Book Nook Commencment
The Book Nook Commencement was a mock commencement ceremony that took place at the Book Nook, a popular student hangout in the 1920s located at Indiana and Kirkwood Avenue. A combination soda fountain and bookstore, the Book Nook was known for its music and the sometimes rowdy behavior of its customers. For many years the Book Nook played a significant role in Indiana University student culture. The 1924 Arbutus humorously makes this clear in their account of the University’s founding: “The university was founded on Foundation Day in the year 1820, by a band of pioneers who stopped their covered wagons in front of the Book Nook. Upon learning that it was Foundation Day and a holiday, the decided to celebrate and found a university. Where they found it no one knows.”

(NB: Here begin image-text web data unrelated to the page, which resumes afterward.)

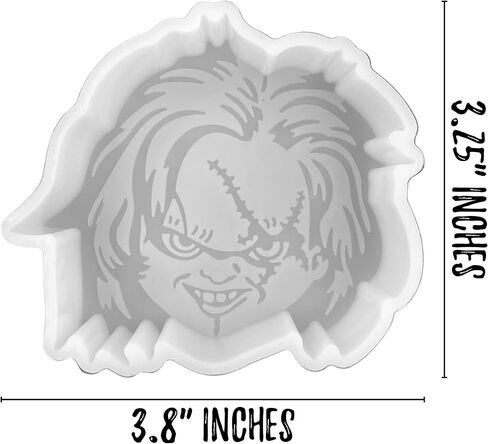 Halloween Chucky Doll Scary Fall Freshie Mold for Scented Cured Aroma Beads 3.25x3.8x0.8"D Southern Resin, Car Candle, Soap, Freshie Oven Safe Silicone Heat Resistant in Saudi Arabia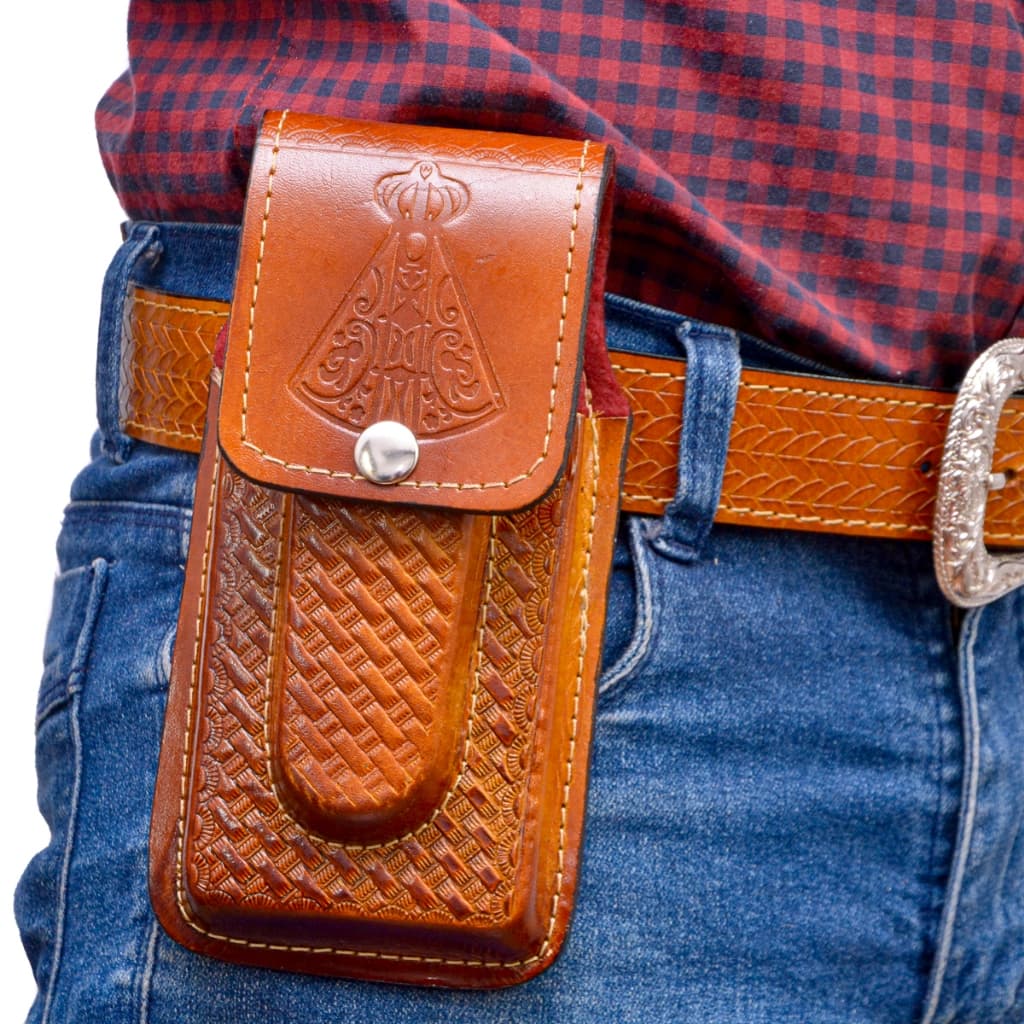 Capa De Celular Bainha Couro Legítimo Conjugada Canivete Country Porta Celular Canguru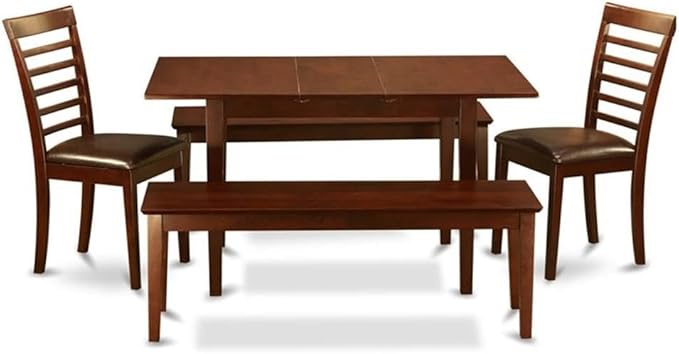 East West Furniture NOML5C-MAH-LC 5 Piece Dining Table Set Includes a Rectangle by EastWestFurniture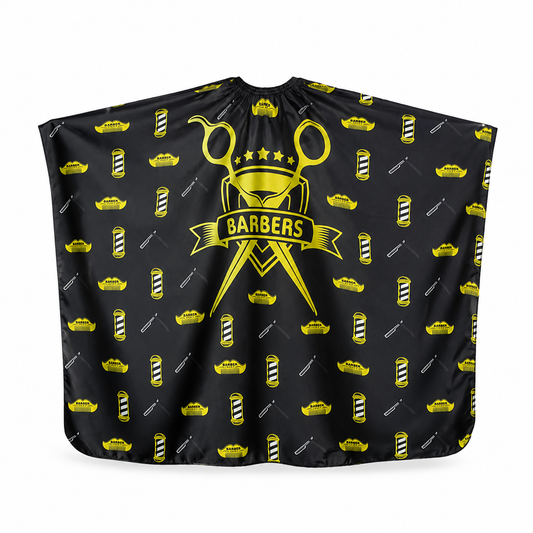 Beauty Style Capa de Corte para Barbería 0717165 | Negra con Diseño Amarillo
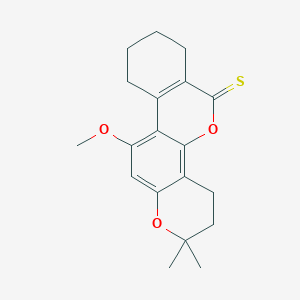 molecular formula C19H22O3S B11151524 11-methoxy-2,2-dimethyl-3,4,7,8,9,10-hexahydro-2H,6H-benzo[c]pyrano[2,3-h]chromene-6-thione 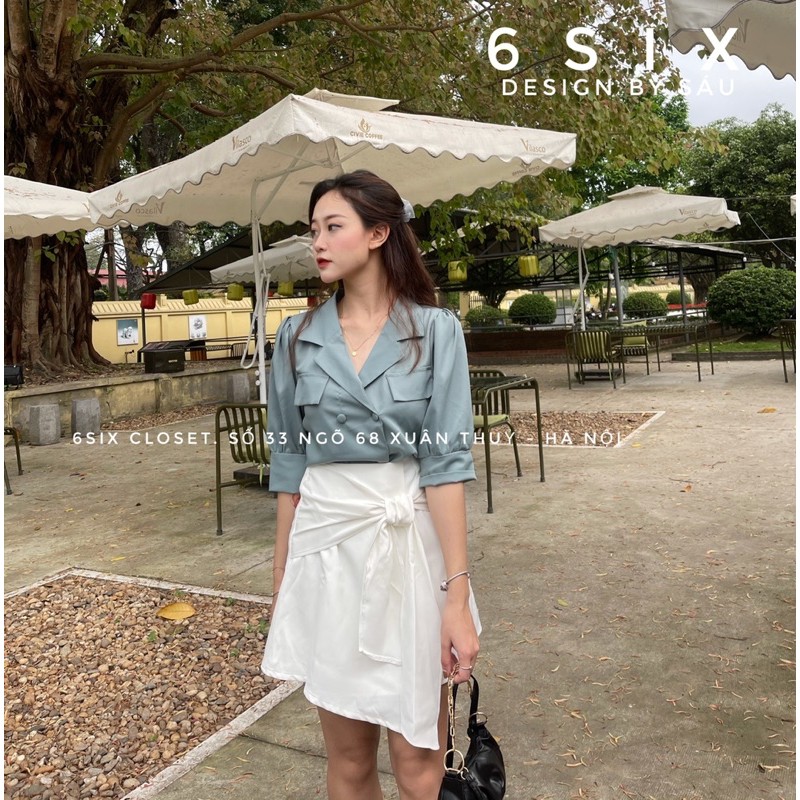 Chân váy công sở dáng A vạt chéo buộc lệch thời trang công sở 6SIX closet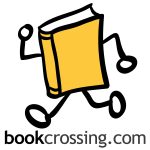 BookCrossing Logo, ein Buch mit Armen und Beinen, das rennt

Notable IU alum musician and composer Hoagy Carmichael was a frequent patron, and it is said he composed his most famous songs, Stardust, at one of the Book Nook booths. In his autobiography, Sometimes I Wonder (1965), Carmichael described the Book Nook as, “a randy temple smelling of socks, wet slickers, vanilla flavoring, face powder, and unread books. Its dim lights, its scarred walls, its marked up booths, and unsteady tables made campus history.” (54) Herman B Wells described a slightly less raucous establishment in his autobiography, Being Lucky (1980): “since there was not yet a union building or its equivalent, extracurricular activities centered in a campus hangout known as the Book Nook, later called the Gables. In my day it was the hub of all student activity; here student political action was plotted, organizations were formed, ideas and theories were exchanged among students from various disciplines and from different sections of the campus. For most of this period the Book Nook was presided over by something of a genius, Peter Costas, a young Greek immigrant who transformed a campus hangout into a remarkably fertile cultural and political breeding place in the manner of the famous English coffee houses. All in all it was a lively, exhilarating place.”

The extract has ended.